Welcome to Genomics Revolution. My name is Alexis Polcawich from the 2019 Hiram College Genetics course hosting this episode on the genome called Yersinia Pestis. This is a gram negative, nonmotile, rod-shaped coccobacillus bacteria that does not form spores and is a facultative anaerobe. This bacterium was discovered in 1894 by Alexandre Yersin in Hong Kong. Yersin was able to isolate the bacterium in culture and identified it via microscope. Jean-Paul Simond was Yersin’s inspiration to do so as in 1898 he discovered that bacteria was transferred from rodents by flea bites, and Yersin thought it would be beneficial to learn more about such bacteria. You can probably guess where this is going… By doing so, he discovered that Yersinia pestis was responsible for causing the plague in humans. This podcast is going to discuss the Yersinia pestis KIMstrain which is responsible for the both the bubonic and pneumonic plagues. The KIM strain is believed to be the first strain discovered as the Yersinia pestis bacteria was found while researchers were looking into the underlying causes of the bubonic plague.

Yersinia pestis is claimed to be a potential weapon of bioterrorism because it can effectively evade it’s host’s immune system and otherwise go unnoticed until it is too late and the symptoms become too severe for the body to fight them off. This tiny bacterium is responsible for drastically high mortalities throughout the course of history, some people today still become infected by it. However, it is now treatable with present day antibiotics and does not always result in death unless the case is very severe. 

The genome of Yersinia pestis contains one circular chromosome of 4,600,755 bp with an average G+C content of 47.64%. This genome encompasses 4,198 open reading framesand contains three different plasmids called pPCP1, pMT1, and pCD1. 

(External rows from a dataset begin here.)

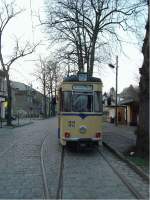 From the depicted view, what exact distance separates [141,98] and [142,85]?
48 centimetres

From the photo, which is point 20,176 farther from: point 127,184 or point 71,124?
point 71,124

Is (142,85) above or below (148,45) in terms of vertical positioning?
below

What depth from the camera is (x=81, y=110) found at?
1491 cm

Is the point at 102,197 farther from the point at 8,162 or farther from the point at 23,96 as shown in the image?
the point at 23,96

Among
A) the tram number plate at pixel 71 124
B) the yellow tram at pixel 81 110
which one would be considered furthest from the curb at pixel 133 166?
the tram number plate at pixel 71 124

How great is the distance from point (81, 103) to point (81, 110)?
12.0 inches

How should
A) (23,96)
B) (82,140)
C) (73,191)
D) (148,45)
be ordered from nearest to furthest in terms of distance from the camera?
(73,191) → (148,45) → (82,140) → (23,96)

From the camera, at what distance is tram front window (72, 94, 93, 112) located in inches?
588

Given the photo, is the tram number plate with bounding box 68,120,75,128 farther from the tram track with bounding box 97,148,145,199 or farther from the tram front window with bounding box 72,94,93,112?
the tram track with bounding box 97,148,145,199

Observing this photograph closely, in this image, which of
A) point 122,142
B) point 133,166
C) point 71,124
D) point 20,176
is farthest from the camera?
point 122,142

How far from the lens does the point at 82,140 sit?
48.5 feet

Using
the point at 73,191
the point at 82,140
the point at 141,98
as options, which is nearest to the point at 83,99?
the point at 82,140

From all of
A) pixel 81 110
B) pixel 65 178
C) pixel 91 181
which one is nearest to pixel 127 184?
pixel 91 181

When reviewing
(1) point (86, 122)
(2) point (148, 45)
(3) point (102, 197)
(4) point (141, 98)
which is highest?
(2) point (148, 45)
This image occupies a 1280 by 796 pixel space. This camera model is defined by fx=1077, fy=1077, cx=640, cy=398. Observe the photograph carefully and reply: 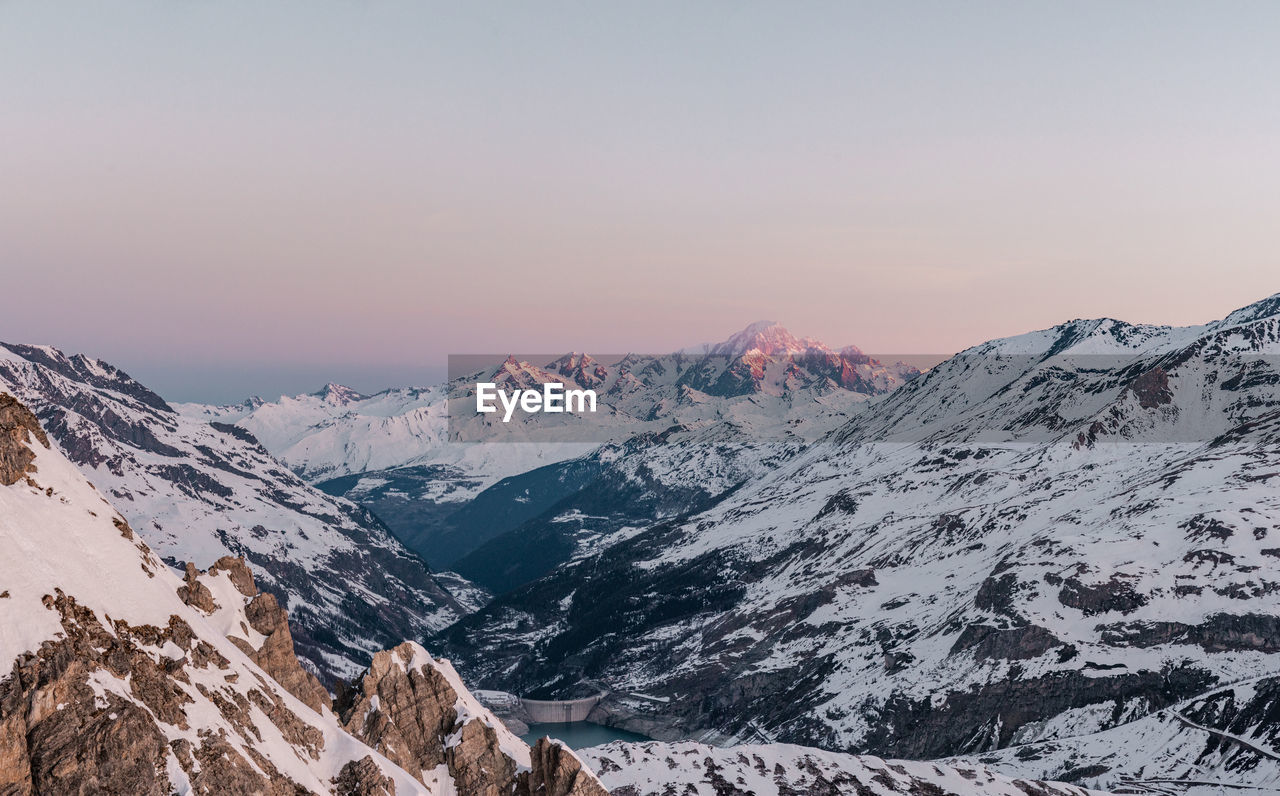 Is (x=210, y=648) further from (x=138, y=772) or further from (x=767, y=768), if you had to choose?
(x=767, y=768)

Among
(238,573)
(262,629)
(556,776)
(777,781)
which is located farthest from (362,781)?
(777,781)

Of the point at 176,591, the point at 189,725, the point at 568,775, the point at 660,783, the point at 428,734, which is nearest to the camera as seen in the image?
the point at 189,725

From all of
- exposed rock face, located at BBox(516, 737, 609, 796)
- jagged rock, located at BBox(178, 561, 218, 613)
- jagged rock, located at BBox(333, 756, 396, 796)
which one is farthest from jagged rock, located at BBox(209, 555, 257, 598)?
exposed rock face, located at BBox(516, 737, 609, 796)

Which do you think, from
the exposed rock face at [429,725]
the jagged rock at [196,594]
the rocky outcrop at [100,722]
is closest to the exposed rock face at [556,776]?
the exposed rock face at [429,725]

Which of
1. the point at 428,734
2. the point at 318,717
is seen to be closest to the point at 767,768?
the point at 428,734

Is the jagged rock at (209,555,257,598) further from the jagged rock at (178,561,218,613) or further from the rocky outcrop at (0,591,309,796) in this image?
the rocky outcrop at (0,591,309,796)

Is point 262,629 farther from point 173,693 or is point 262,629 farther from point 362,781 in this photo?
point 173,693
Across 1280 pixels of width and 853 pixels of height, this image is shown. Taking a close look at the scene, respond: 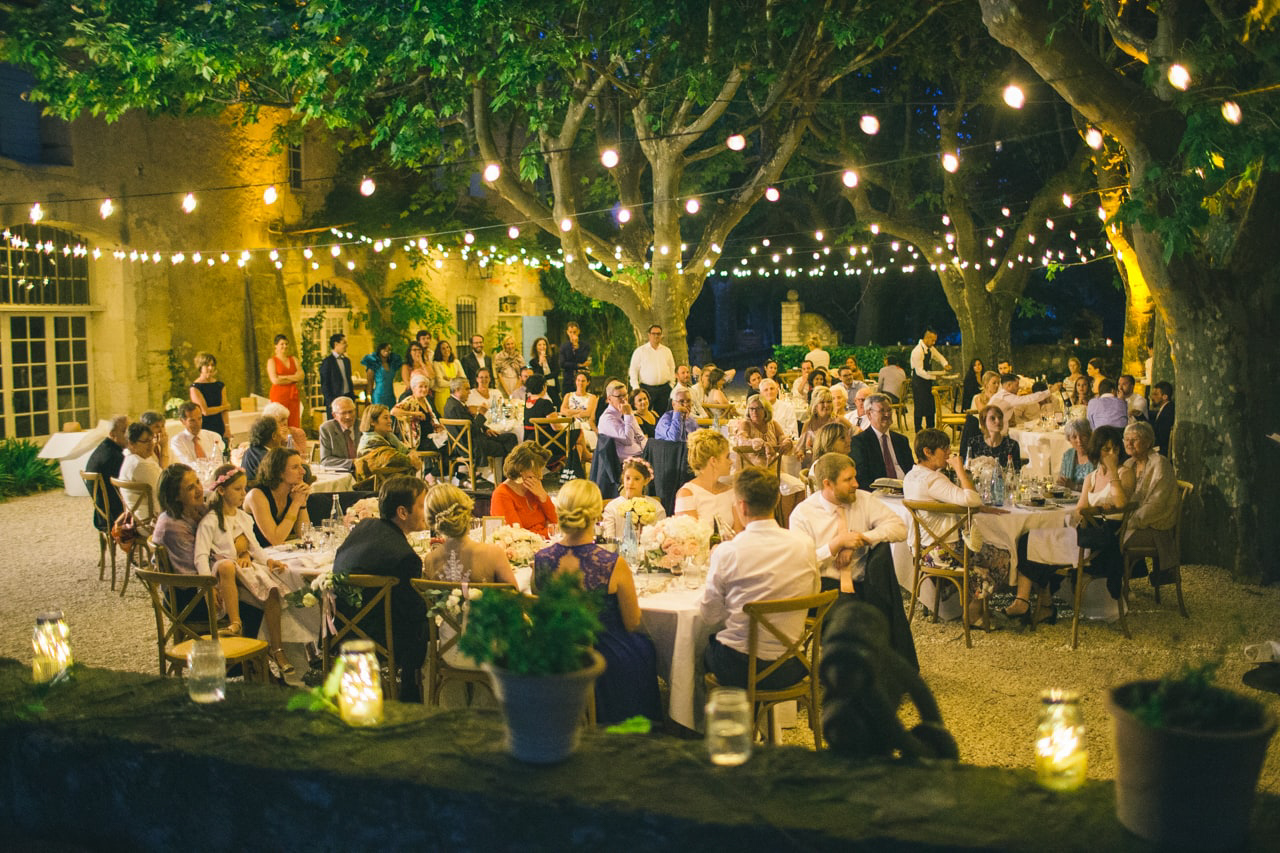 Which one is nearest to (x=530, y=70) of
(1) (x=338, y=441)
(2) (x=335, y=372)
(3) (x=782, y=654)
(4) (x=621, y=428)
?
(4) (x=621, y=428)

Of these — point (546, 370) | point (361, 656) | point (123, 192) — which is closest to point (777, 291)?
point (546, 370)

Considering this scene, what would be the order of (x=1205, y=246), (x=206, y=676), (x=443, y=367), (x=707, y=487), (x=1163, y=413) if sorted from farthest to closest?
1. (x=443, y=367)
2. (x=1163, y=413)
3. (x=1205, y=246)
4. (x=707, y=487)
5. (x=206, y=676)

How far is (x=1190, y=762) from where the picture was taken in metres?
2.00

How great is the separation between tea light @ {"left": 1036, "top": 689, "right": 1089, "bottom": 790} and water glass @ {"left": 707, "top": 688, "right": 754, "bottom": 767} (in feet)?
1.98

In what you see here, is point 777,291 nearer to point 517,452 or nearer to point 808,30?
point 808,30

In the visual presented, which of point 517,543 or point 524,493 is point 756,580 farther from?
point 524,493

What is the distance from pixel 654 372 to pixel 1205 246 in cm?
615

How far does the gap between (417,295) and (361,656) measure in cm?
1710

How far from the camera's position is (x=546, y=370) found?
1573cm

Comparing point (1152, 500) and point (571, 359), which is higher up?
point (571, 359)

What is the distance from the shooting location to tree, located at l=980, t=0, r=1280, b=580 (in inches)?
295

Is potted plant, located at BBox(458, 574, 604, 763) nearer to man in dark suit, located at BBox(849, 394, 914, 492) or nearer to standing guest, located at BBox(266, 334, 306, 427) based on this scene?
man in dark suit, located at BBox(849, 394, 914, 492)

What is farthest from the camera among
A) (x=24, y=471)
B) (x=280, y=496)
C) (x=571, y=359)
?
(x=571, y=359)

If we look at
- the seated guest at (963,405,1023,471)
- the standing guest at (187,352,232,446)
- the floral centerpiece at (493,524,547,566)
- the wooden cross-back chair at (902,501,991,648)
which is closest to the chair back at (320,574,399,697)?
the floral centerpiece at (493,524,547,566) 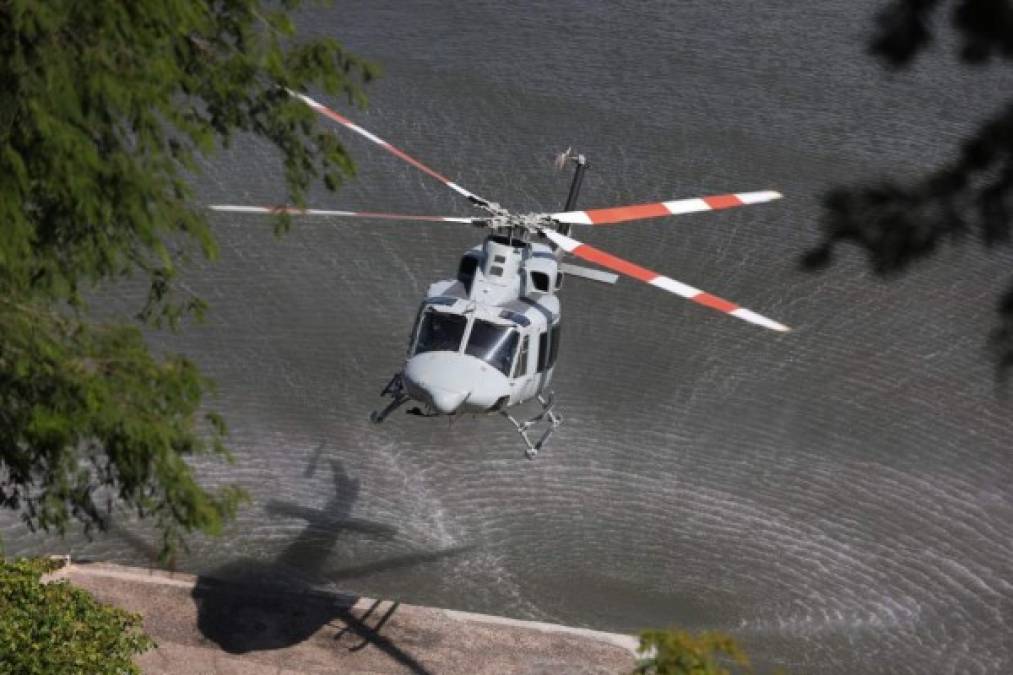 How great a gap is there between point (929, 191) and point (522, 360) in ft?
23.9

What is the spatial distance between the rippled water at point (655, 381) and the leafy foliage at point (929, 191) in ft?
31.9

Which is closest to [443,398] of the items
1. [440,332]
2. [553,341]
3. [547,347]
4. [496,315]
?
[440,332]

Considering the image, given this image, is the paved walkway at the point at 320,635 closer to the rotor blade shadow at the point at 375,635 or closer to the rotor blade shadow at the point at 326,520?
the rotor blade shadow at the point at 375,635

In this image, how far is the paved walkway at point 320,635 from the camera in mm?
17172

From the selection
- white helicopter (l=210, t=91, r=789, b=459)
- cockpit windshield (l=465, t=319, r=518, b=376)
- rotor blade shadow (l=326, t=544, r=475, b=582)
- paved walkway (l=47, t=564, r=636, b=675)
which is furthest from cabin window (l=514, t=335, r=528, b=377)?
rotor blade shadow (l=326, t=544, r=475, b=582)

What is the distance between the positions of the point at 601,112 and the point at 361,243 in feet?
24.1

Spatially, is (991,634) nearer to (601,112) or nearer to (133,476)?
(133,476)

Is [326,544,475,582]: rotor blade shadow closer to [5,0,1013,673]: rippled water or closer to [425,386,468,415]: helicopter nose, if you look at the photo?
[5,0,1013,673]: rippled water

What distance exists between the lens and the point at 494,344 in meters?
16.5

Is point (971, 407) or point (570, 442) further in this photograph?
point (971, 407)

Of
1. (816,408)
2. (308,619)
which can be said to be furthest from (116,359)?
(816,408)

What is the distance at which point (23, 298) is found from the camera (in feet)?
34.0

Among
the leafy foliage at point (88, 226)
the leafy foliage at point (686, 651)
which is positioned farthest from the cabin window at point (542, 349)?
the leafy foliage at point (686, 651)

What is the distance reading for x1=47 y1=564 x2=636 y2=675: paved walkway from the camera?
17.2 m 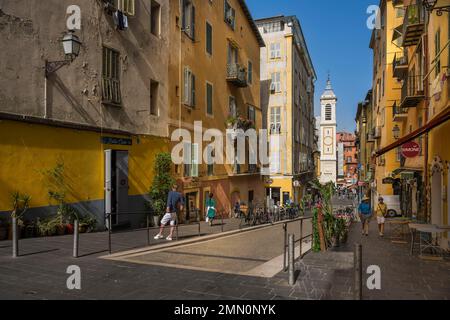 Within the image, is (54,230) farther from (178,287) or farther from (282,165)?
(282,165)

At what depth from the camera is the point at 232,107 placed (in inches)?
1033

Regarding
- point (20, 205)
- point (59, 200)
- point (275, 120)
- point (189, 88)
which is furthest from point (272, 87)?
point (20, 205)

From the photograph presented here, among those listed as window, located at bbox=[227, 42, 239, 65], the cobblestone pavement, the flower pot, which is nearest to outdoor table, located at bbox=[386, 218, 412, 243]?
the cobblestone pavement

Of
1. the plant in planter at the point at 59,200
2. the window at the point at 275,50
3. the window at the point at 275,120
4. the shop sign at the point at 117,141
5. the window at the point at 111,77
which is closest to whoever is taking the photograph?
the plant in planter at the point at 59,200

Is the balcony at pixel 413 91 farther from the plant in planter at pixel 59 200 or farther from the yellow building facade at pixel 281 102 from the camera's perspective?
the yellow building facade at pixel 281 102

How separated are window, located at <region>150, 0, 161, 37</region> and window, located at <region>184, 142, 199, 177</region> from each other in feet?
18.1

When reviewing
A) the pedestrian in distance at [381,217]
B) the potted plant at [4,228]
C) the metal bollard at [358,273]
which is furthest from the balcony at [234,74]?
the metal bollard at [358,273]

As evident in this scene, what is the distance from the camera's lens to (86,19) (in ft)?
41.0

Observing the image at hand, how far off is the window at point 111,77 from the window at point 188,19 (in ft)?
20.1

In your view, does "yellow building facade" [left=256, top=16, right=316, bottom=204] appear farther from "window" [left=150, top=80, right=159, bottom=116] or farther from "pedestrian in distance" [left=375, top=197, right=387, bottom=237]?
"pedestrian in distance" [left=375, top=197, right=387, bottom=237]

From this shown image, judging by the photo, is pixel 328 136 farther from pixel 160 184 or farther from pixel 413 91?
pixel 160 184

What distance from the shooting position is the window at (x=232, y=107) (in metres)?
25.8

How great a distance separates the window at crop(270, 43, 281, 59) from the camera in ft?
134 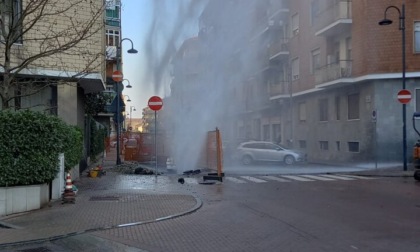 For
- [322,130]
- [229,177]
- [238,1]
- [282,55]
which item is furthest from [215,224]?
[282,55]

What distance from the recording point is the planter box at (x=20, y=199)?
9734 millimetres

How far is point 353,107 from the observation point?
92.9ft

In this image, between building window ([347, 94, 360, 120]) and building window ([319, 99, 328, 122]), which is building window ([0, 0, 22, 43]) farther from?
building window ([319, 99, 328, 122])

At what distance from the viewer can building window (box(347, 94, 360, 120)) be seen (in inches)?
1097

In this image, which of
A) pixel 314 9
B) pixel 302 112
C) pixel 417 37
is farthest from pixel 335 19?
pixel 302 112

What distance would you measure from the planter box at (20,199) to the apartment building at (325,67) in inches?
456

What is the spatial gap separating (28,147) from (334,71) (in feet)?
70.7

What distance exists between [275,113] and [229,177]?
71.8ft

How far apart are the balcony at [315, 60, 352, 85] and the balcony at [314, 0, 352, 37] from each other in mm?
2120

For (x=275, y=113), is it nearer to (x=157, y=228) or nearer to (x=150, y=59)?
(x=150, y=59)

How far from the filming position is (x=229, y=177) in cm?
1836

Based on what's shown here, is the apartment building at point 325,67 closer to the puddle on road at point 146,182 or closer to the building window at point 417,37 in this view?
the building window at point 417,37

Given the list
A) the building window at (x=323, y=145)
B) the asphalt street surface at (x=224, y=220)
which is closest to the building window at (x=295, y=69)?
the building window at (x=323, y=145)

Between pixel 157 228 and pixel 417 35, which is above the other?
pixel 417 35
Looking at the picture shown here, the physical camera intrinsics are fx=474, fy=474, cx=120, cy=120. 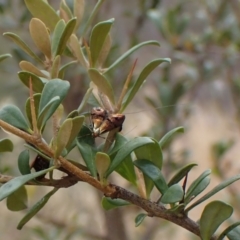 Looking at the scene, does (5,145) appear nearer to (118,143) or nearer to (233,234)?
(118,143)

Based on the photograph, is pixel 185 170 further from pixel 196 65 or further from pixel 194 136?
pixel 194 136

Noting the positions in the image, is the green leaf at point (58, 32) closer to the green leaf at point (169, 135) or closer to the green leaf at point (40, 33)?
the green leaf at point (40, 33)

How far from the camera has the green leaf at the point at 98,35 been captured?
0.38 metres

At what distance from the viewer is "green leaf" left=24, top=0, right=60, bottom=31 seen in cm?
41

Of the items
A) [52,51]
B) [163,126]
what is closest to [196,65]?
[163,126]

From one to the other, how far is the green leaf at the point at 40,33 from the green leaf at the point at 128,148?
0.38 ft

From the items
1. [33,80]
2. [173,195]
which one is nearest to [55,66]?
[33,80]

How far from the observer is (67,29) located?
1.18ft

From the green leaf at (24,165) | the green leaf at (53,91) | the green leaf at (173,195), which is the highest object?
the green leaf at (53,91)

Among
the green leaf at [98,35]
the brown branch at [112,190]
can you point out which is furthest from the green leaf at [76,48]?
the brown branch at [112,190]

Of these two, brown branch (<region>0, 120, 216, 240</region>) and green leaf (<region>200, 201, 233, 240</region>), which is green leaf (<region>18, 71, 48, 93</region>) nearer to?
brown branch (<region>0, 120, 216, 240</region>)

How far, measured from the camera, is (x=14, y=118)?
35cm

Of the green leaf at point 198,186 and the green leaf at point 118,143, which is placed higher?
the green leaf at point 118,143

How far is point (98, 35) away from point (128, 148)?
0.35 feet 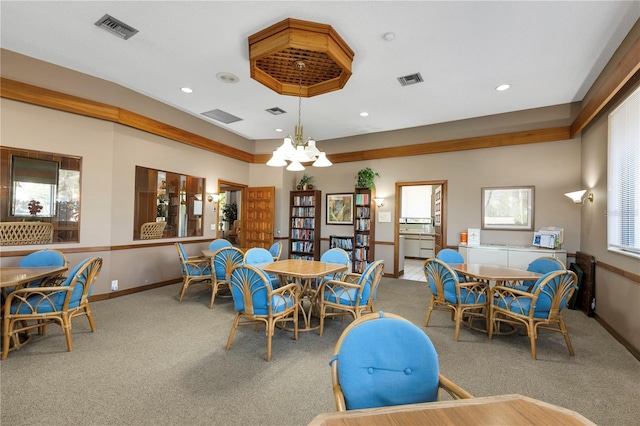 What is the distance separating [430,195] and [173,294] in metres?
8.62

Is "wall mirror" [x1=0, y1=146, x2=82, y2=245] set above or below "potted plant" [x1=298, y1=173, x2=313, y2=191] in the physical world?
below

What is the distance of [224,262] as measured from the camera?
14.3 ft

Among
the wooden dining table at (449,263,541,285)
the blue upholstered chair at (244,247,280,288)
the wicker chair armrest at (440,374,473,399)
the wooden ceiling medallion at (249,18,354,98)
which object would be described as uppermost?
the wooden ceiling medallion at (249,18,354,98)

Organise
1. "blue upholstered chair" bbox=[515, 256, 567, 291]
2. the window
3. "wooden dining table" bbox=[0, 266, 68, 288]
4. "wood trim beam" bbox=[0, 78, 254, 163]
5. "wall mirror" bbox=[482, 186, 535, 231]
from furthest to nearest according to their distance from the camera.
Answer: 1. "wall mirror" bbox=[482, 186, 535, 231]
2. "wood trim beam" bbox=[0, 78, 254, 163]
3. "blue upholstered chair" bbox=[515, 256, 567, 291]
4. the window
5. "wooden dining table" bbox=[0, 266, 68, 288]

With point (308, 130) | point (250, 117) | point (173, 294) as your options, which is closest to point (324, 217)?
point (308, 130)

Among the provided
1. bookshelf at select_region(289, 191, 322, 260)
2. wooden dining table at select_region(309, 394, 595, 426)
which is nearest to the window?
wooden dining table at select_region(309, 394, 595, 426)

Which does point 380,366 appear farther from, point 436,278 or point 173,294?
point 173,294

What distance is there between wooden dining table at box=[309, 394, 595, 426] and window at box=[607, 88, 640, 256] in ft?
11.4

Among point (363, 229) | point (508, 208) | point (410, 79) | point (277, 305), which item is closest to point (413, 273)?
point (363, 229)

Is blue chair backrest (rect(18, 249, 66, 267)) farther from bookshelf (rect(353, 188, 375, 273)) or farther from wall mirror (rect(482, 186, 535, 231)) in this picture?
wall mirror (rect(482, 186, 535, 231))

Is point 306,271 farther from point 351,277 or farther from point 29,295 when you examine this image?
point 29,295

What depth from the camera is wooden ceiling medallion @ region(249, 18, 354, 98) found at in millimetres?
3008

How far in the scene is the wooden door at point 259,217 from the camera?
732 centimetres

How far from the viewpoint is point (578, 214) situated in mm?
5008
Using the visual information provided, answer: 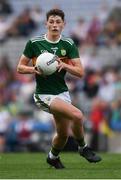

One key finding was in a study done in 2011 that looked at developing a possible vaccine for the plaque by constructing a mutant strain of Yersinia pestis that expressed lpxL from the chromosome which resulted in almost all of the lipid A in the cell being hexa-acylated. This means that The lpxL gene is not a gene that normal wild type Yersinia pestis carry. The absence of this protein leads to the production of tetra-acylated lipid A which does not bind to the host receptor, therefore failing to simulate the inflammatory response normally induced by lipid A. By making these hexa-acylated, this allows the inflammation process to happen and the body can start to effectively fight off the bacteria. 

A second key finding is now that the genome of this bacterium is sequenced, researches can now trace potentialoutbreaks and analyze the evolution of the bacteria. The differences in certain regions such as the number of inverted/rearranged segments in the different strains of Yersinia pestis in different regions of the world shows how quickly certain strains are mutating compared to others. This can help researches and epidemiologists predict what to expect from a certain strain over a particular period of time and keep up with effective medications/treatments. 

A third key finding is that researches can use the sequenced genome and compare it to other sequenced bacterium genomes to identify close relatives of Yersinia pestis. This is very important because if there happens to be a certain bacteria that is very similar to Yersinia pestis and there is already an effective medication found to treat that bacteria, then maybe that medication can be used to treat Yersinia pestis as well. In the study done in 2002 on the genome sequence of Yersinia pestisKIM, the genome was continuously compared to E. Coli K-12. The origin, terminus, and most recent genes encoding DNA replication proteins are very similar to those of E. Coli. Being able to relate Yersinia pestis to a bacteria that is already well known provides researchers with the means to answer a lot of previously unanswerable questions and can even inspire further experiments to test new hypotheses evolving from current knowledge of similar bacterial strains. 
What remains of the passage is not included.